A missing value in R is denoted by NA. The result of a computation involving NAs is always NA e.g.

mean(c(1,3,NA,12,5))
#> [1] NA
0/0
#> [1] NaN
5/0
#> [1] Inf
-5/0
#> [1] -Inf
5/(-0)
#> [1] -Inf

The result of a computation that cannot be represented as a number e.g. 0/0 is denoted by NaN. Note: some computational results are differently reported by R as the corresponding algebraic equivalents, 5/0 in R is given by Inf while algebraically it is undefined.

  1. Scientific notation

R uses decimal notation as well as scientific notation for arithmetic calculations. Scientific notation is not to be confused with \(exp()\).

60000000
#> [1] 6e+07
1/6000000
#> [1] 1.666667e-07
exp(15)
#> [1] 3269017
exp(-15)
#> [1] 3.059023e-07
  1. How are numbers represented in a computer’s memory? What are the implications of this?

Computers use ON/OFF (or 1/0) switches for encoding information. A single switch is called a bit and a group of eight bits is called a byte. A single integer is represented exactly in a computer by a fixed number of bytes i.e. 32 or 64 bits. There are several schemes according to which integers are represented by bits in a computer. This representation in a computer takes place at a level where R has no control over it but R stores information about the computing environment in an object .Machine.

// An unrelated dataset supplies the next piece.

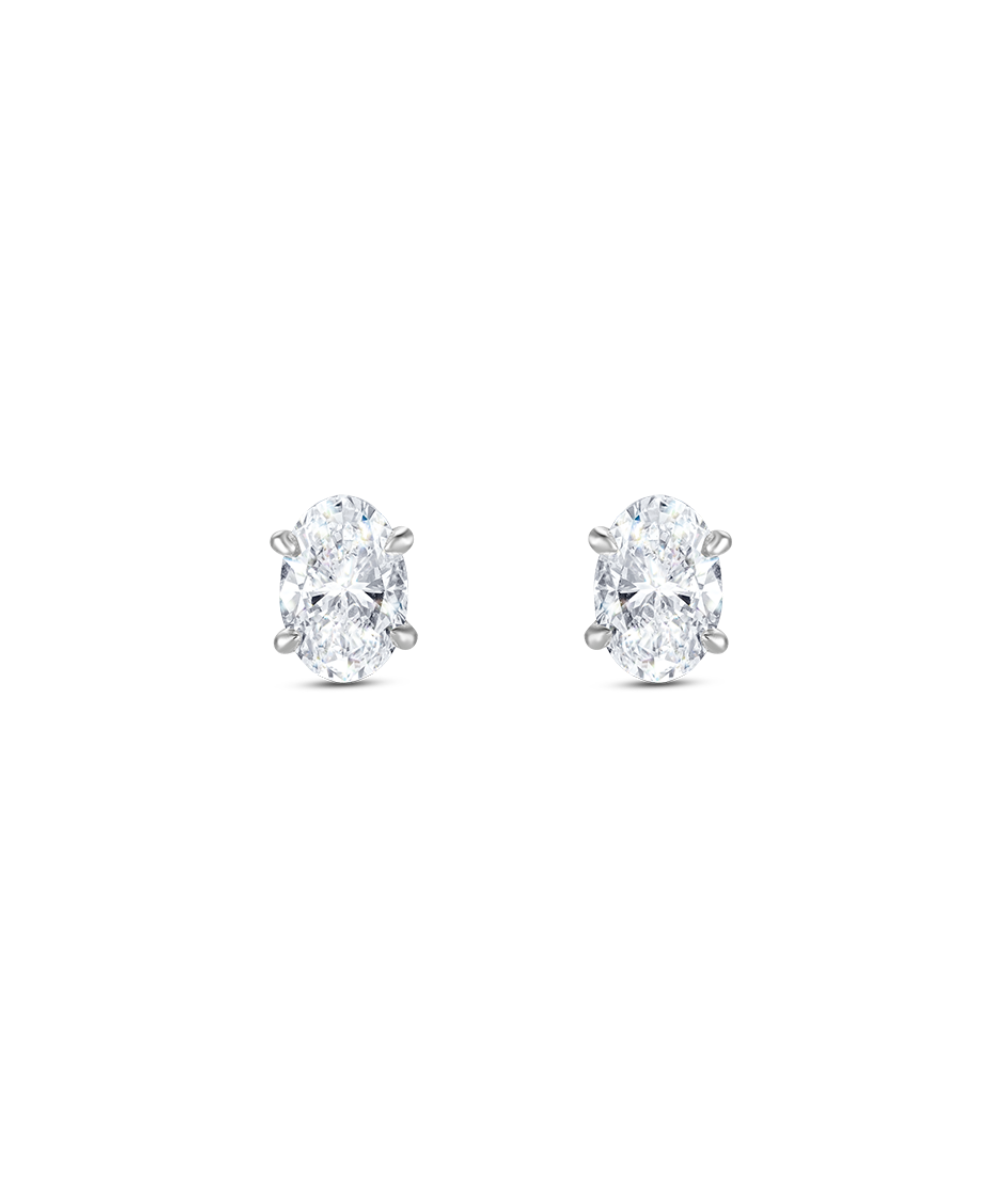 White gold oval diamond stud earrings with four claw setting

The element .Machine$integer.max returns the largest integer that can be represented in the computer on which R is running e.g.

.Machine$integer.max
#> [1] 2147483647

Although the above method of representing integers by strings of bits provides a very efficient way of storing integers in a computer R usually treats integers similar to real numbers by using floating point representation. In binary floating point notation a number x is written as a sequence of zeros and ones (the mantissa) times two with an exponent say \(m\): \(x=b_0 b_1 b_2…×2^m\) where \(b_0=1\) except when \(x=0\).

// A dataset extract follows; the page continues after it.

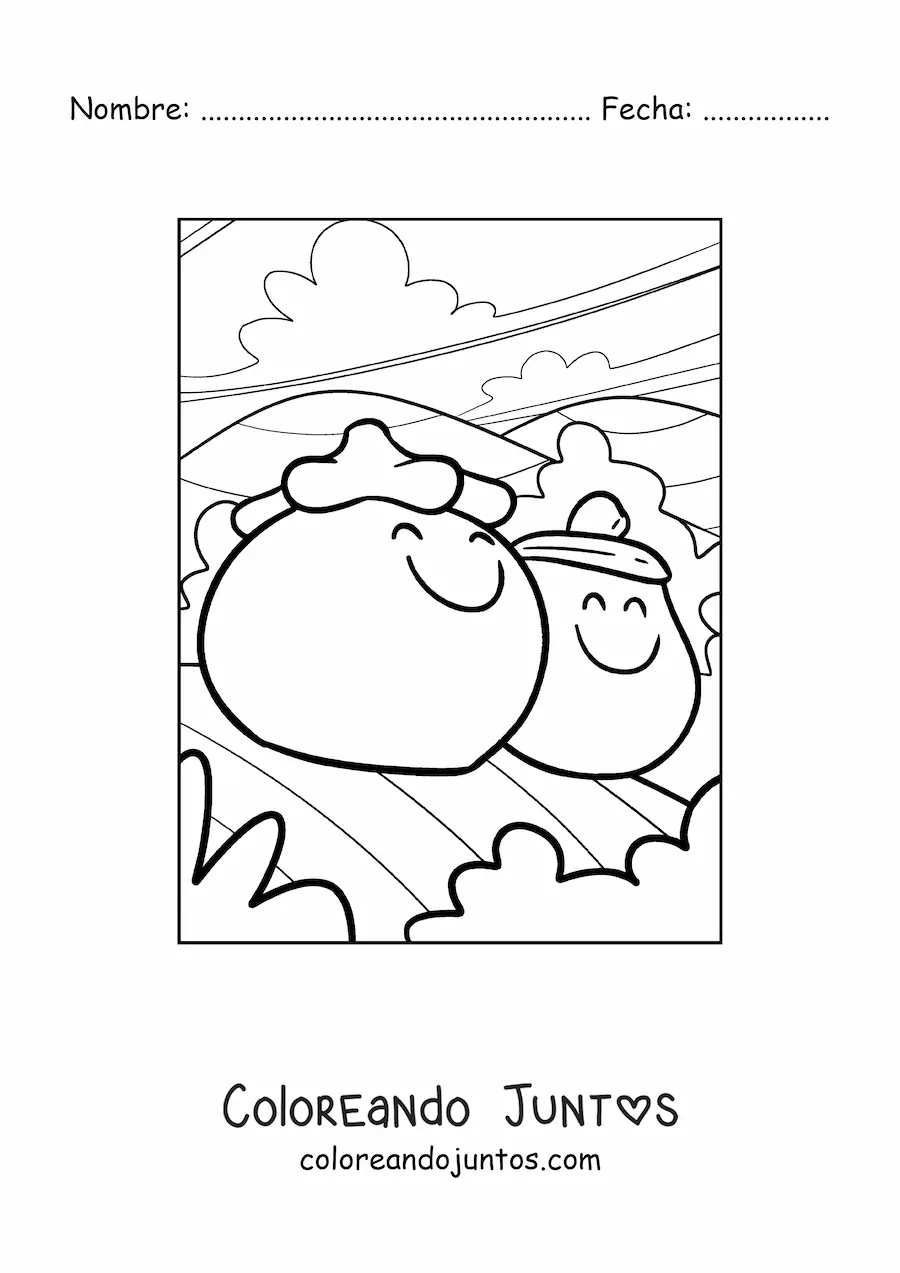 Imagen para colorear de un tomate animado junto a una berenjena animada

In practice there is only a limited number of \(b\)’s available and the exponent is also limited therefore, in general, not all real numbers can be represented exactly in a computer – they can at most be approximated. The smallest number \(x\) such that \(1 + x\) can be distinguished from \(1\) in a computer is called machine epsilon. In R this can be obtained from .Machine$double.eps e.g.

.Machine$double.eps
#> [1] 2.220446e-16

Although floating point representation allows computation with very small (in magnitude) and very large numbers the above limitations can lead to underflow or overflow which can have disastrous consequences in practice. Writing good code in R must take the above seriously into account.

3.2 Logical operators

Logical operators result in TRUE, FALSE or NA. Study the use of the logical operators in Table 3.2. Warning: While it is perfectly legitimate to write

x[x == -1] <- 0
x[x == 1] <- 0 

it is incorrect to specify

x[x == NA] <- 0
x[x = = NaN] <- 0 

The correct code in the latter case is

x[is.na(x)] <- 0
x[is.nan(x)] <- 0

What are the consequences of the above code? Also take note of the functions any() and all(). These two functions are useful when combining logical objects. Give the necessary instructions to carry out the following tasks:

  1. Check which (if any) of the states in the state.x77 data set have populations with an illiteracy rate that is not larger than \(1.6\) and a Murder rate of more than \(10.0\).
  2. Check if there is at least one state with income greater than \(\$5000\) and life expectancy less than \(70.0\) years.
  3. Check if all states with an income of more than \(\$5000\) has an illiteracy of below \(2.0\).

What is meant by a control logical operator?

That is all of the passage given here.